There are currently two point-of-care devices that have been developed for the salivary diagnosis of periodontitis: one is called the Integrated Micro?uidic Platform for Oral Diagnostics (IMPOD), the other is a lab-on-a-chip (LOC) system developed by the University of Texas. The IMPOD measures MMP-8 (a neutrophil collagenase, also known as matrix metalloproteinase-8), TNF-? (a tumor necrosis factor), IL-6, and CRP (C-reactive protein) in saliva and the LOC measures CRP, MMP-8, and IL-1?. The LOC has shown good comparative accuracy with the enzyme-linked immunosorbent assay (ELISA). The LOC device is currently undergoing clinical trials: (NCT02403297 at ClinicalTrials.gov) [38].

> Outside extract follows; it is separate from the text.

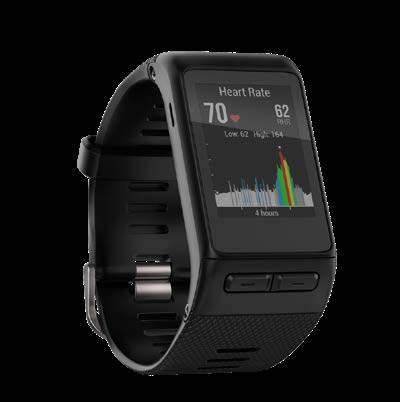 Health and Fitness Health and Fitness PG60 PG61 Garmin VivoFit 3 R79 Auto activity detection 1 year battery life Steps Move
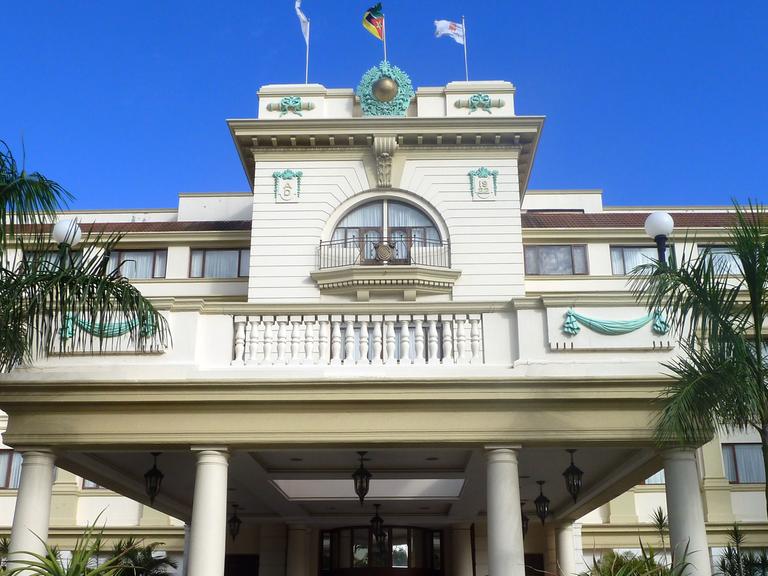 Das Hotel Polana in Maputo, der Hauptstadt Mosambiks, gehört zu den renommiertesten Hotels Afrikas.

The Future of Salivary Diagnostics

The emergence of Covid-19 and the worldwide pandemic underscores the need for non-invasive tests offering immediate diagnostic results. And recent developments affirm that saliva can be used to diagnose this disease as well as many others. Developments in the field of salivary diagnostics should lead to significant advances in point-of-care precision medicine and dentistry. The benefits of using saliva as a biomarker for disease are multiple. Collection of fluid is non-invasive, simple, and easily accomplished by the patient or in the clinical setting. Relative to collection of serum it is inexpensive, and clotting is not a problem as it is with serum. Saliva contains physiological markers for many conditions, both systemic as well as those localized to the oral environment [39]. Salivary diagnostic assessment will also allow for the screening of patients outside the clinical setting, for purposes of treatment monitoring, and for epidemiological research or public health screening. Combining point-of-care devices such as those currently available or those being developed for assessment and monitoring of periodontal disease and oral cancer, as well as systemic diseases, coupled with improved medical and dental electronic software communication could lead to more accurate disease tracking of patients by providers, researchers, and community health screeners via the internet and through digital charting. As pointed out by Yager, et al., “underserved communities and resource-limited areas may be accessed more efficiently than by current cumbersome and poorly utilized screening programs” [40]. Further, the use of salivary diagnostics may increase access to treatment for identified at-risk individuals not aware of developing disease and help in containing community spread of viral infections such as Covid-19. Kaczor-Urbanowicz and colleagues provide a nice overview of salivary diagnostics, the current views, and directions [41].